Questi vignerons sono di fatto delle micro-imprese che hanno bisogno di chiudere i conti in attivo a fine mese per sopravvivere e devono pertanto dedicare il tempo alla loro attività primaria. Si trovano invece oggi sempre più impegnati a star dietro ad una sfilza di regole e procedure da seguire, patentini da rinnovare, corsi da frequentare, consulenti da pagare per l’espletamento di pratiche, una dietro l’altra, che il più delle volte tra di loro si accavallano (nella confusione e nella duplicazione ci sguazzano forse diversi interessi?). Tutto ciò richiede risorse umane e di tempo di cui le piccole realtà non dispongono nella misura necessaria e che implicano costi annuali molto alti, per alcuni al limite dell’insostenibile.
Stanchi di tutto questo carrozzone, sono in 200 i vignaioli che si sono riuniti per dire BASTA all’ostracismo! Per dire basta a tutta questa burocrazia che sta uccidendo la loro voglia di lavorare. Una coalizione che il 5 marzo 2017 ha manifestato la propria esasperazione attraverso una lettera al Ministro dell’Agricoltura Maurizio Martina. Un testo che riassume in diversi punti l’esigenza di una maggiore flessibilità; di un sistema più snello ed efficiente, meno anacronistico e che preveda delle deroghe pensate per le realtà di dimensioni più ridotte, sia in termini di adempimenti che tempistiche.

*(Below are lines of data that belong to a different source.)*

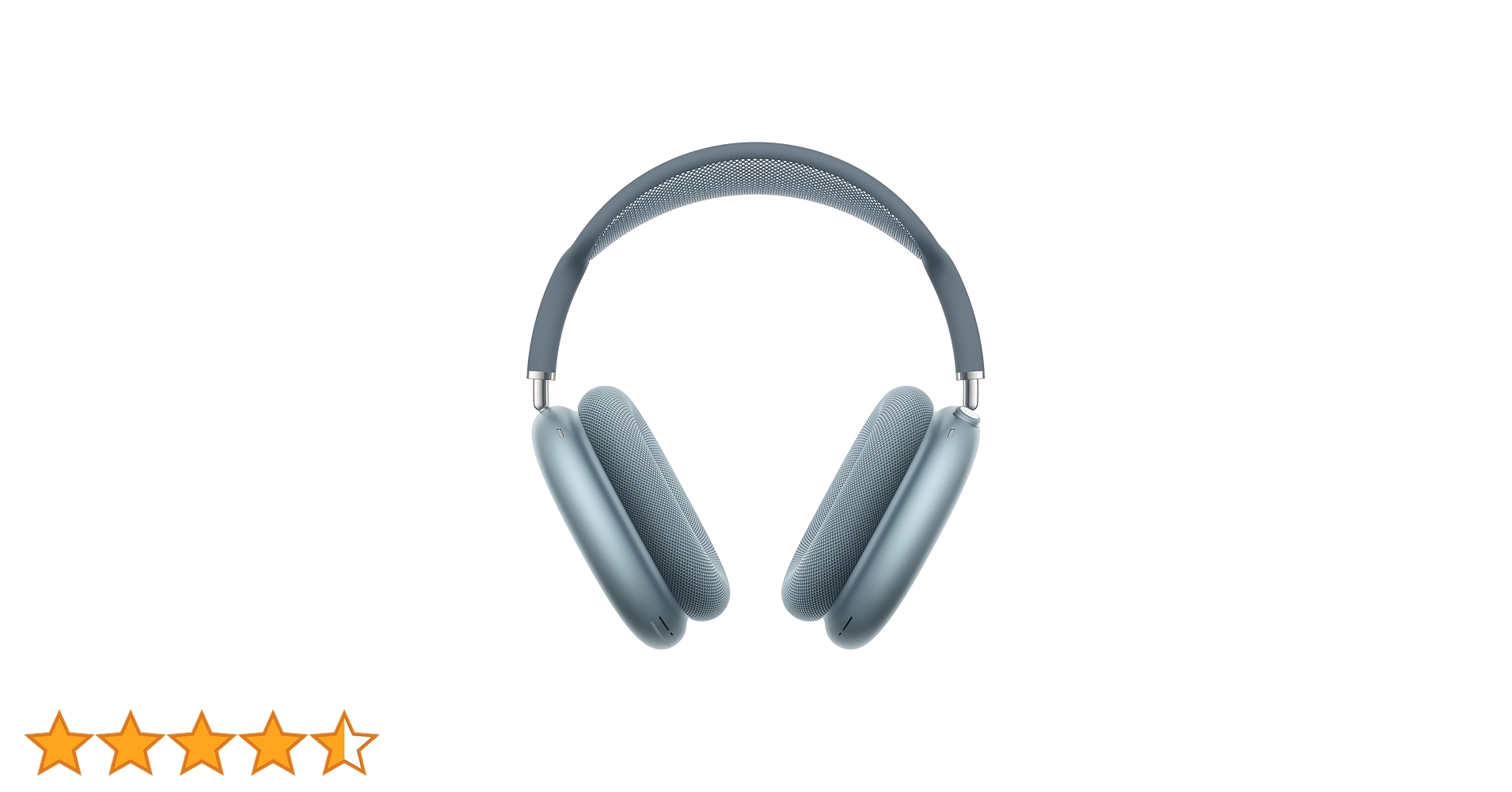 AirPodsMAX ブルー AirPods Max - Blue | iMad - Autoryzowany Sprzedawca Apple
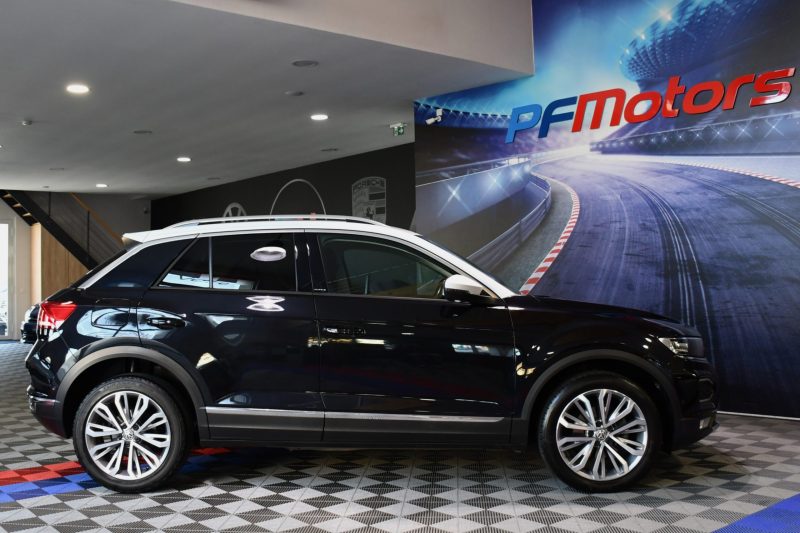 Volkswagen T-Roc IQ Drive 1.5 TSI 150 DSG GPS Virtual Caméra ACC Car Play Rear Front Hayon Attelage JA 18 – photo 29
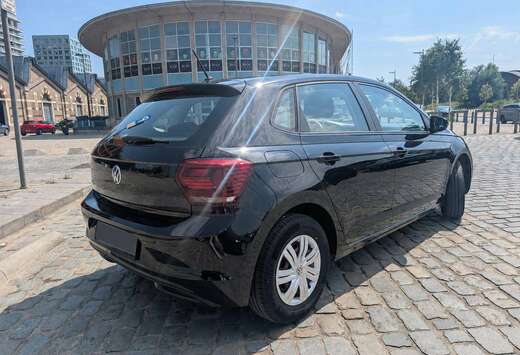 Volkswagen Polo 1.0i Trendline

Un senso di ribellione scatenato dalla richiesta di adeguamento ai registri telematici e alla dematerializzazione. “Un passo importante verso la semplificazione dei procedimenti amministrativi che agevolerà la vita delle aziende” recita il Ministero. Non sono della stessa opinione i piccoli vignaioli che vedono questa legge come l’ennesimo adempimento burocratico, forse adatto alle grandi aziende ma poco calzante per quelle piccole realtà che non hanno tempo e risorse per interscambi web-service e spesso e volentieri dispongono di una connessione ADSL non all’altezza (questa è purtroppo la situazione nelle campagne italiane). Altre sono state le richieste avanzate (l’unificazione degli Enti deputati ai controlli, la semplificazione della gestione, la necessità di patentini quali quello per i fitofarmaci e per la guida del trattore, la gestione della manodopera ed altre aree del lavoro in vigna e cantina) alle quali fa seguito la minaccia di una campagna di disobbedienza civile invitando tutti i vignaioli italiani a non adeguarsi all’obbligo di registri telematici.
Chissà se con tutta questa speranza i nostri vignaioli riusciranno a superare lo sdegno dalla stessa generato. Lo sdegno nei confronti della realtà delle cose ma che, proprio grazie a quella stessa speranza, altro non sfocia se non nel coraggio per provare a cambiarla.